Cassandra Data Model - Column Families into CQL Table

606 Views Asked by At

Assume that I have a sample User table with fields (userid, username, dob, loc, email). I have different columns names like one user can have only userid, user name and second user can have userid, username, dob and third users may have other columns and so on (representing wide column store). Each user can have their own set of columns. How to represent this in a single CQL table as data is sparse across different columns. Do I need to go with multiple user tables to represent this info?

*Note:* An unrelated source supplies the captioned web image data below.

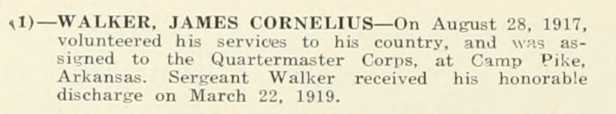 JAMES CORNELIUS WALKER WWI Veteran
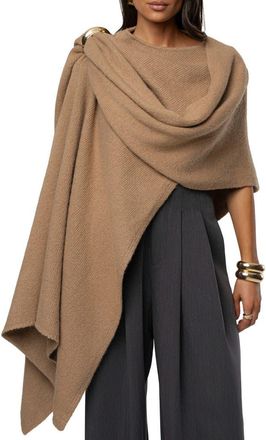 JLUXLABEL Radiance Knit Shawl in Taupe at Nordstrom, Size Large
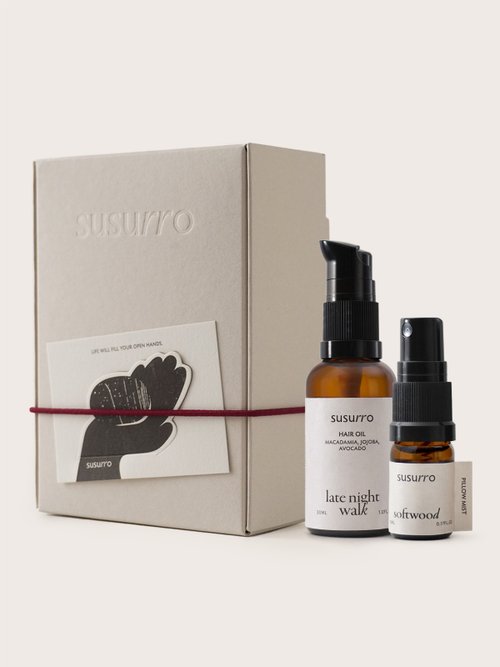 susurro 【快速出貨】護髮油+枕頭噴霧禮盒 睡眠噴霧 精油 無矽靈 舒壓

Please suggest how to convert sample table into CQL table.

1

There are 1 best solutions below

1
On

I see what you're asking. No, you should be able to build all columns into a single table. Let's say that I create a users table like this:

CREATE TABLE users(
  userid bigint,
  username text, 
  email text,
  dob text,
  loc text,
  mobile text,
  landlinenum text,
  PRIMARY KEY (userid));

And then I INSERT some rows like this:

INSERT INTO users (userid,username,email,loc,mobile) VALUES (0,'mreynolds','[email protected]','Minneapolis','111-555-1234');
INSERT INTO users (userid,username,email,loc,landlinenum,dob) VALUES (1,'jcobb','[email protected]','Minneapolis','111-555-3464','19620227');
INSERT INTO users (userid,username,email,loc,mobile) VALUES (2,'dbook','[email protected]','New York','111-555-2349');
INSERT INTO users (userid,username,email,loc,mobile,dob) VALUES (3,'stam','[email protected]','San Francisco','111-555-8899','19750416');
INSERT INTO users (userid,username,email,loc,dob) VALUES (4,'rtam','[email protected]','San Francisco','19810724');

If I run an unbound query to pull back all rows and columns, I see this:

aploetz@cqlsh:stackoverflow> SELECT * FROM users;

 userid | dob      | email                | landlinenum  | loc           | mobile       | username
--------+----------+----------------------+--------------+---------------+--------------+-----------
      2 |     null | [email protected] |         null |      New York | 111-555-2349 |     dbook
      3 | 19750416 |   [email protected] |         null | San Francisco | 111-555-8899 |      stam
      4 | 19810724 |   [email protected] |         null | San Francisco |         null |      rtam
      0 |     null |     [email protected] |         null |   Minneapolis | 111-555-1234 | mreynolds
      1 | 19620227 |   [email protected] | 111-555-3464 |   Minneapolis |         null |     jcobb

(5 rows)

So this should tell you a couple of things.

  1. Cassandra isn't really "schema-less" in the same sense that it was in the pre-CQL world. You do have to define each column in your table definition.

  2. With #1 being said, you do not have to provide a value for each column.

  3. Columns which have not been assigned a value display as "null." Keep-in-mind, that they are not true null values, they just display that way.

  4. In my INSERTs, I only specified the columns for which I had corresponding values. I did not set the others to empty or null. Explicitly setting a column value to null creates a tombstone.

Now to my point about understanding your query requirements, you usually want to create a table for each query required. I have the "users" table keyed by userid...but really, how useful is that? Applications typically query by things like email or loc.

To handle email, I would create a new table with the same column definitions called "users_by_email." The main difference (other than the name) would be the PRIMARY KEY definition: PRIMARY KEY (email,username)

Then I could query a user by email like this:

aploetz@cqlsh:stackoverflow> SELECT * FROM users_by_email WHERE email='[email protected]';

 email              | username | dob      | landlinenum | loc           | mobile | userid
--------------------+----------+----------+-------------+---------------+--------+--------
 [email protected] |     rtam | 19810724 |        null | San Francisco |   null |      4

(1 rows)

That's why knowing your query patterns makes a difference. In the first example, the "users" table cannot support a query by email.